Administration of Scheduled Area
The scheduled areas are treated differently from the other areas in the country because they are inhabited by ‘aboriginals’ who are socially and economically rather backward, and special efforts need to be made to improve their condition. Therefore, the whole of the normal administrative machinery operating in a state is not extended to the scheduled areas and the Central government has somewhat greater responsibility for these areas’.
The various features of administration contained in the Fifth Schedule are as follows:
1. Declaration of Scheduled Areas: The president is empowered to declare an area to be a scheduled area. He can also increase or decrease its area, alter its boundary lines, rescind such designation or make fresh orders for such redesignation on an area in consultation with the governor of the state concerned.
2. Executive Power of State and Centre: The executive power of a state extends to the scheduled areas therein. But the governor has a special responsibility regarding such areas. He has to submit a report to the president regarding the administration of such areas, annually or whenever so required by the president. The executive power of the Centre extends to giving directions to the states regarding the administration of such areas.
3. Tribes Advisory Council: Each state having scheduled areas has to establish a tribes advisory council to advise on welfare and advancement of the scheduled tribes. It is to consist of 20 members, three-fourths of whom are to be the representatives of the scheduled tribes in the state legislative assembly. A similar council can also be established in a state having scheduled tribes but not scheduled areas therein, if the president so directs.
4. Law applicable to Scheduled Areas: The governor is empowered to direct that any particular act of Parliament or the state legislature does not apply to a scheduled area or apply with specified modifications and exceptions. He can also make regulations for the peace and good government of a scheduled area after consulting the tribes advisory council. Such regulations may prohibit or restrict the transfer of land by or among members of the scheduled tribes, regulate the allotment of land to members of the scheduled tribes and regulate the business of moneylending in relation to the scheduled tribes. Also, a regulation may repeal or amend any act of Parliament or the state legislature, which is applicable to a scheduled area. But, all such regulations require the assent of the president.

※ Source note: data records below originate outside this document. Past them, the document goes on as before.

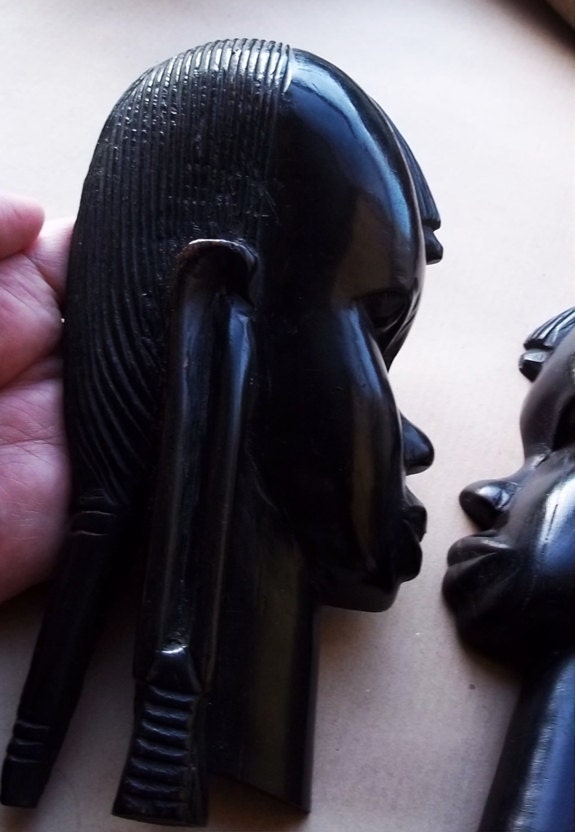 Vintage Wall Mask : Vintage Ebony Wall Hanging, Portraits, Wall Plaques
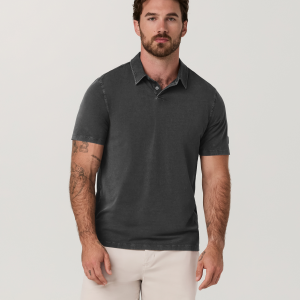 Short Sleeve Feather Polo | Dark Pewter Garment Dye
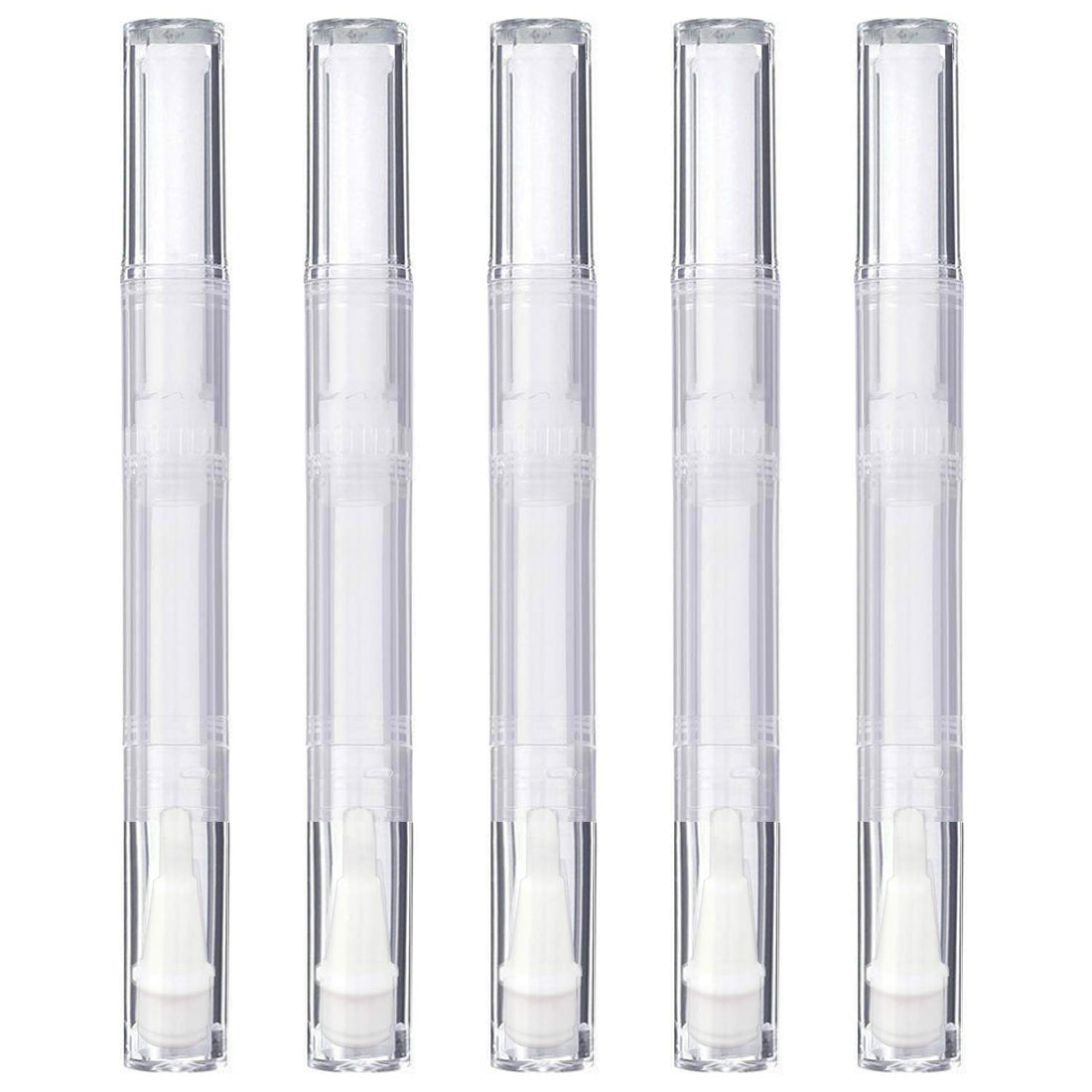 MOTYYA 5 Pack 3 ml Transparent Twist Pens, Empty Nail Oil Pen with Brush Tip, Cosmetic Lip Gloss Container Applicators Eyelash Growth Liquid Tube (5x)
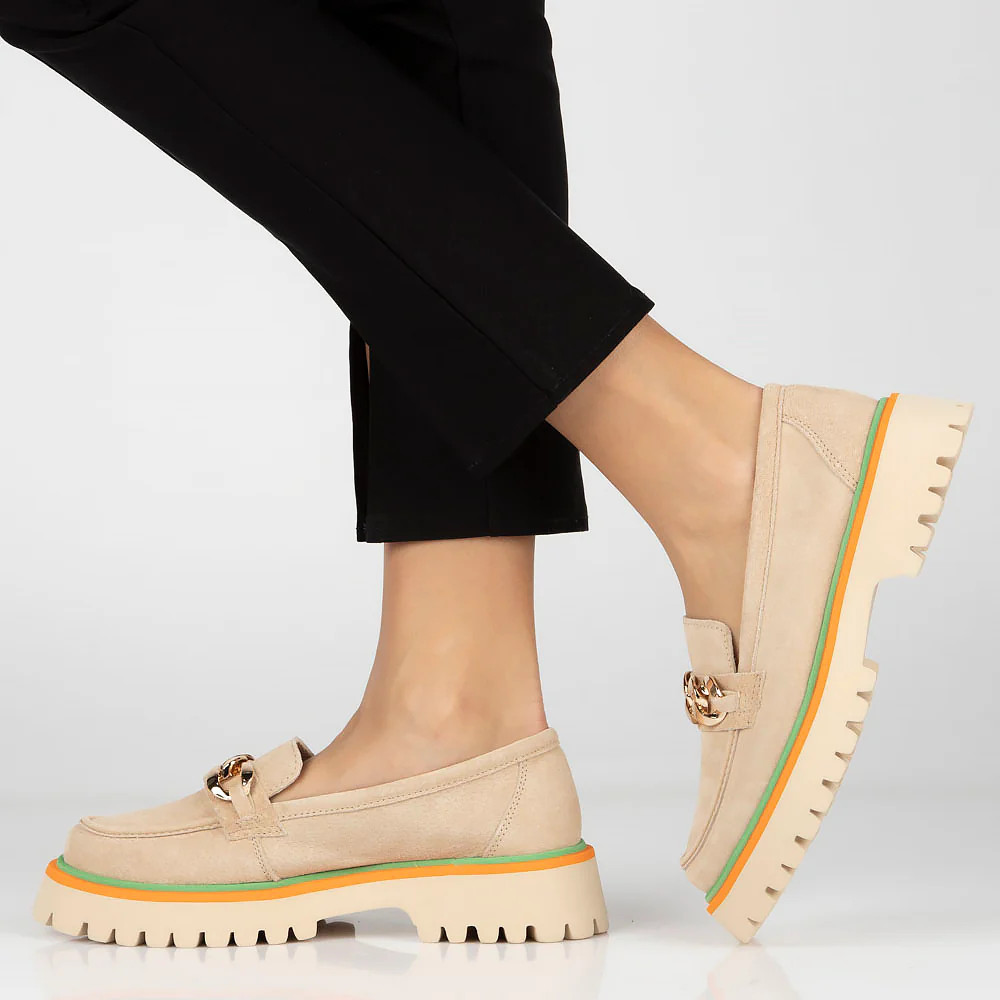 Pantofi dama casual din piele naturala bej 13025 - Image 8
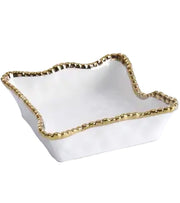 Napkin Holder - Cocktail - Porcelain - White With Gold Beads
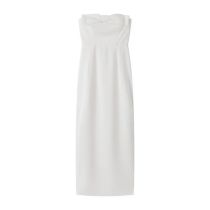 Fashion White Polyester Tube Top Dress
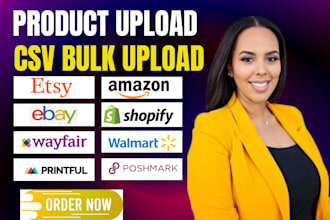list products on etsy, amazon, ebay, shopify, wayfair and walmart
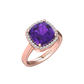 Nova cushion shaped Amethyst ring with a halo of diamonds Gardiner Brothers Rose Gold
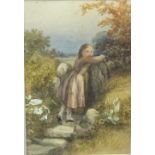 19th century British school - Study of a young girl beside a stony stile, watercolour and bodycolour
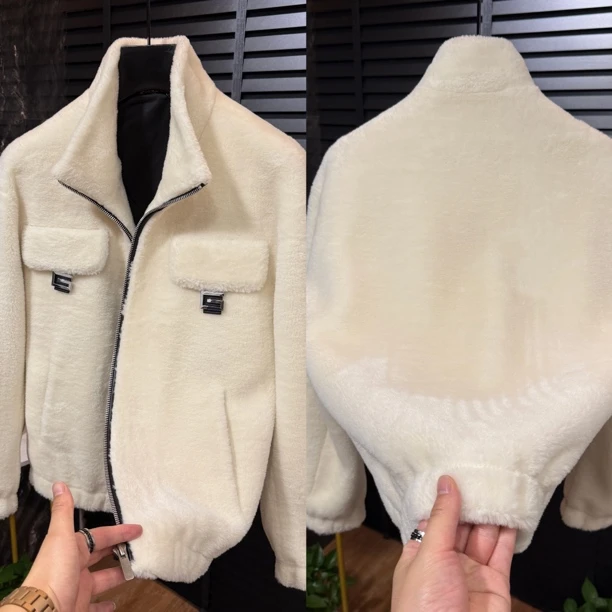 002羊毛立领配皮羊皮二层皮男士轻奢风夹克穿搭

The Constitution requires the president to appoint a commission to report on the administration of the scheduled areas and the welfare of the scheduled tribes in the states. He can appoint such a commission at any time but compulsorily after ten years of the commencement of the Constitution. Hence, a commission was appointed in 1960. It was headed by U N Dhebar and submitted its report in 1961. After four decades, the second commission was appointed in 2002 under the chairmanship of Dilip Singh Bhuria. It submitted its report in 2004.